Please copy every record below exactly, leaving out the pictures.

BEGIN

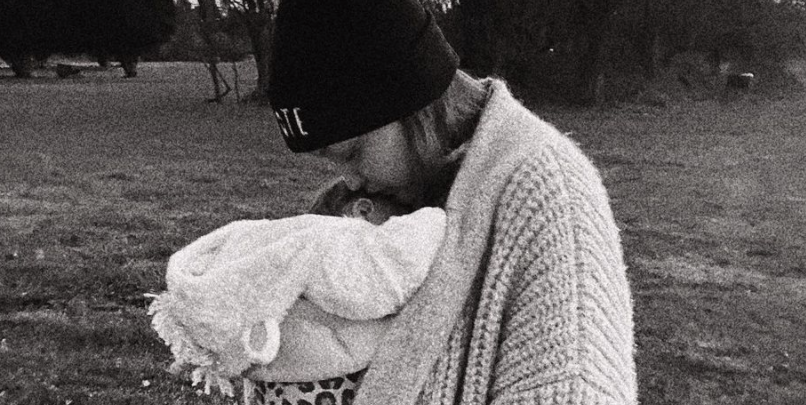 Gigi Hadid Shares the Moment Her Baby Girl Experienced Snow for the First Time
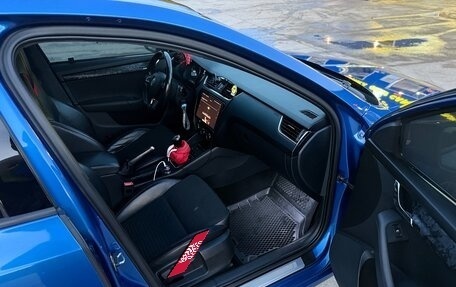 Skoda Octavia RS, 2014 год, 2 350 000 рублей, 12 фотография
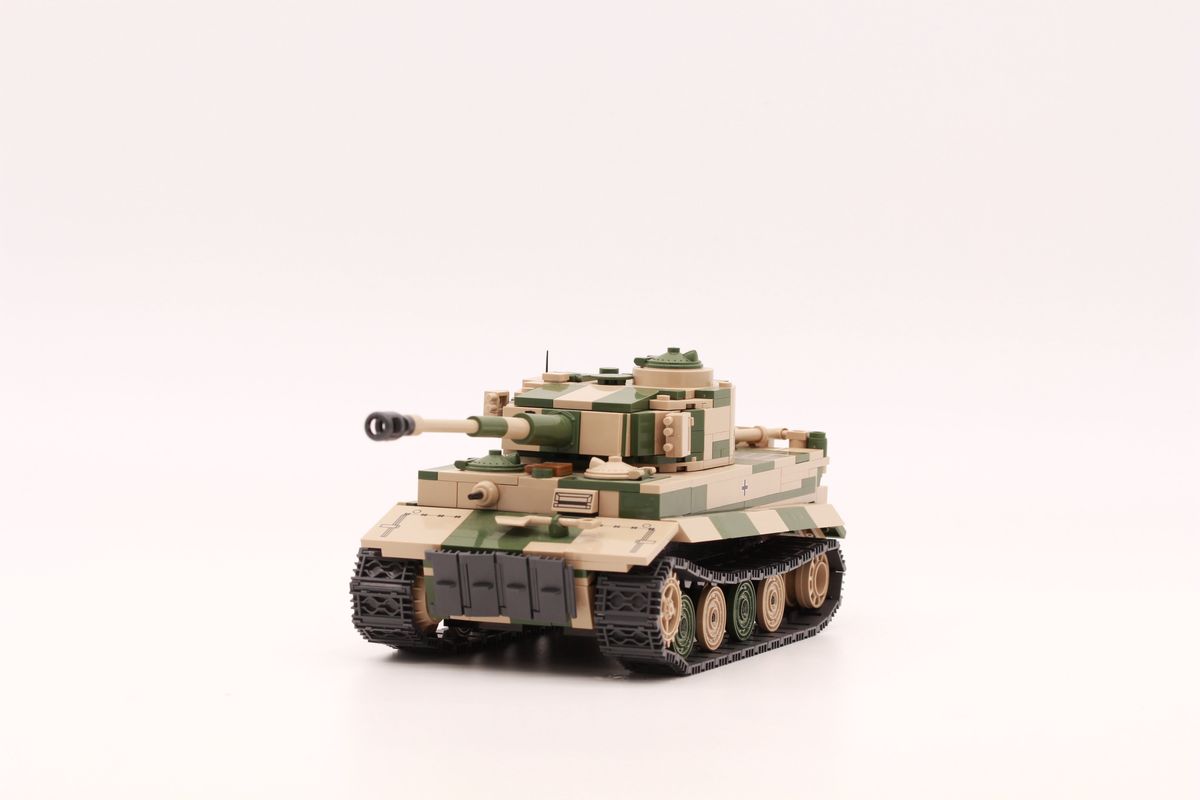 Sd.Kfz. 181 Pz. Kpfw. Tiger 1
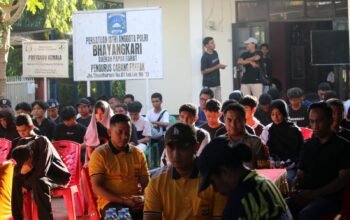 Wujudkan Generasi Digital Unggul Polres Fakfak Gelar Kompetisi Esports Mobile Legends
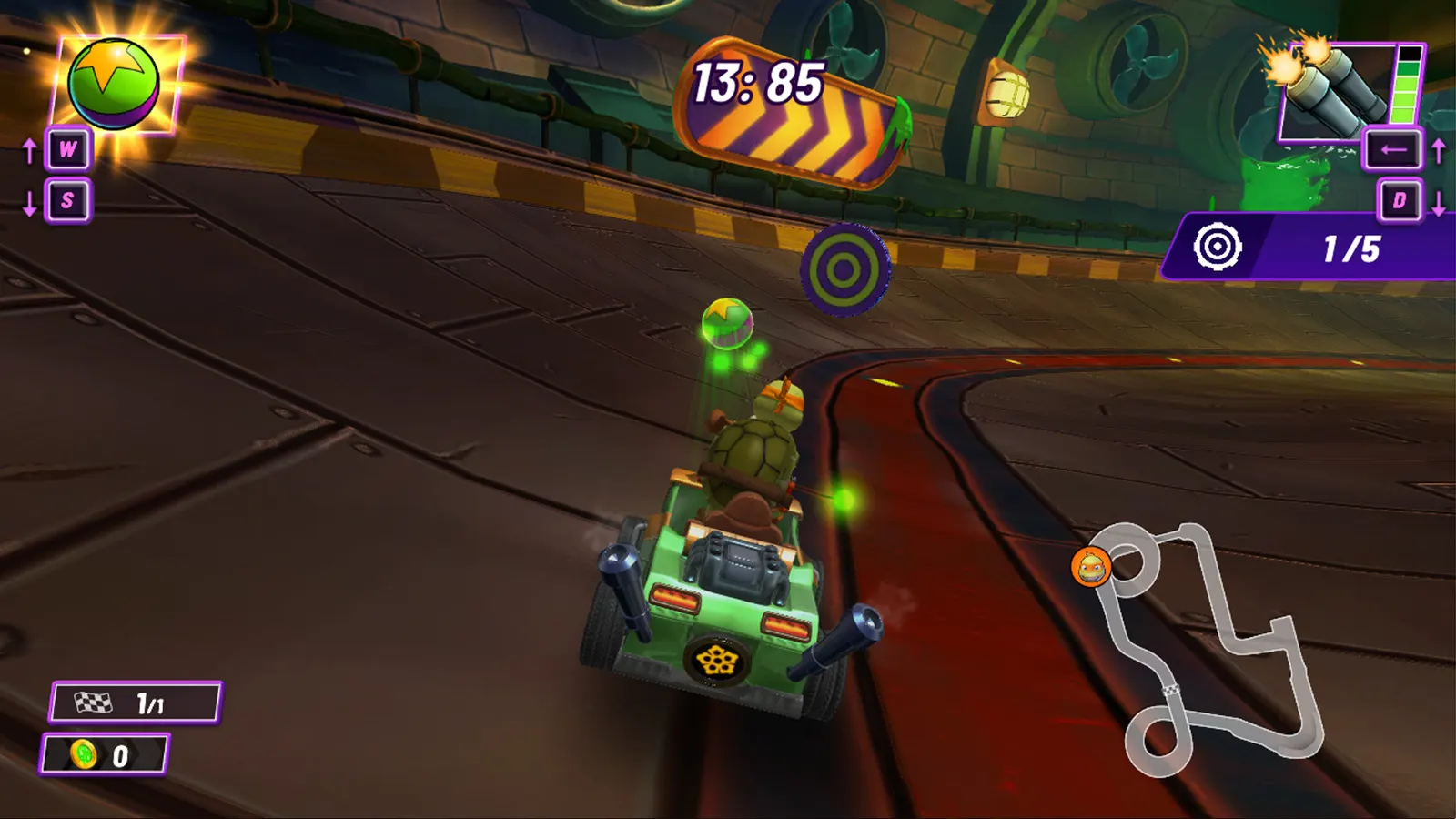 Nickelodeon Kart Racers 2: Grand Prix media 5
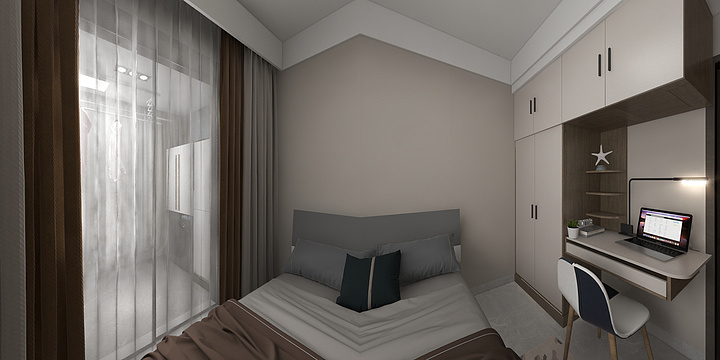 爅JuEN-桔园华府，单发-副本-装修设计方案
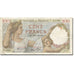 Francja, 100 Francs, Sully, 1940, 1940-12-19, VF(30-35), Fayette:26.43, KM:94
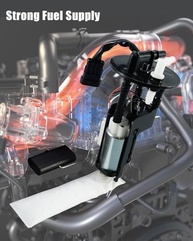 Bomba de Combustível Polaris RZR XP 1000/Turbo/Sport - Desempenho e Durabilidade Garantidos - imagem 5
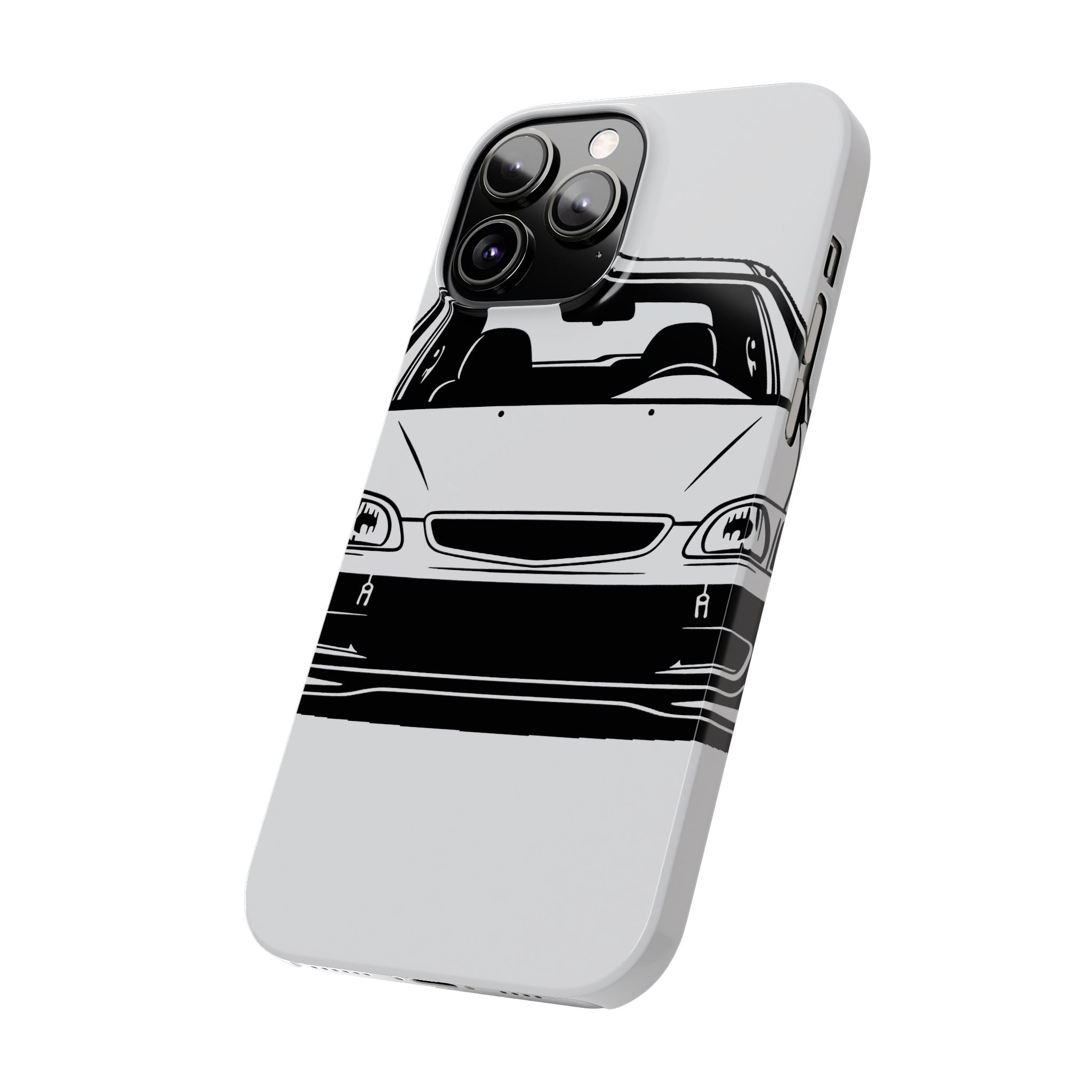 Honda Civic EK Hatch Phone Case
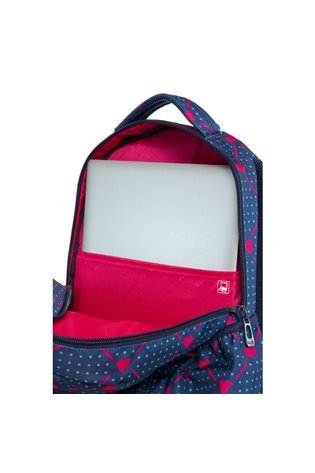 Kuprinė COOLPACK BASIC PLUS Heart Link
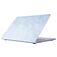 Mobigear Marble MacBook Pro 15 Zoll (2016-2019) Hardcase Hülle MacBook Case - Model 6 - Model A1707 / A1990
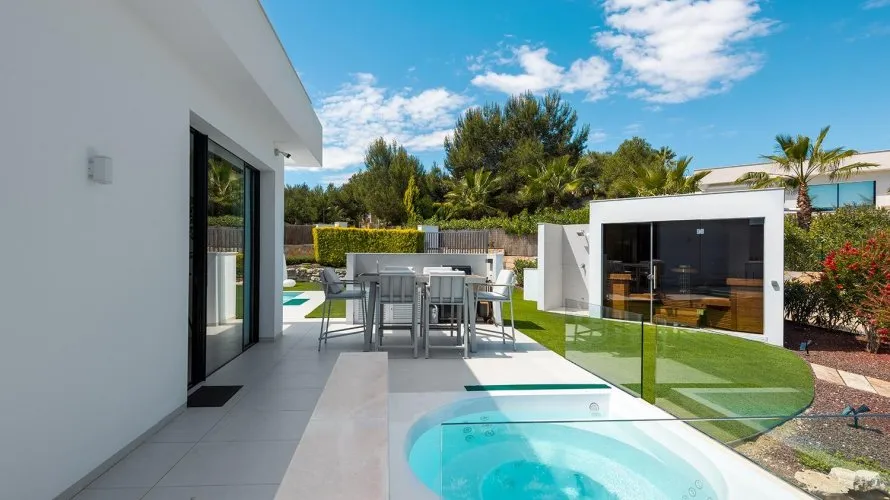 Villa de 4 chambres à Orihuela, Spain No. 1172 № 13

END

■ YOUR RESPONSE
 Gigi Hadid Shares the Moment Her Baby Girl Experienced Snow for the First Time
 Skoda Octavia RS, 2014 год, 2 350 000 рублей, 12 фотография
 Sd.Kfz. 181 Pz. Kpfw. Tiger 1
 Wujudkan Generasi Digital Unggul Polres Fakfak Gelar Kompetisi Esports Mobile Legends
 Nickelodeon Kart Racers 2: Grand Prix media 5
 爅JuEN-桔园华府，单发-副本-装修设计方案
 Francja, 100 Francs, Sully, 1940, 1940-12-19, VF(30-35), Fayette:26.43, KM:94
 Bomba de Combustível Polaris RZR XP 1000/Turbo/Sport - Desempenho e Durabilidade Garantidos - imagem 5
 Honda Civic EK Hatch Phone Case
 Kuprinė COOLPACK BASIC PLUS Heart Link
 Mobigear Marble MacBook Pro 15 Zoll (2016-2019) Hardcase Hülle MacBook Case - Model 6 - Model A1707 / A1990
 Villa de 4 chambres à Orihuela, Spain No. 1172 № 13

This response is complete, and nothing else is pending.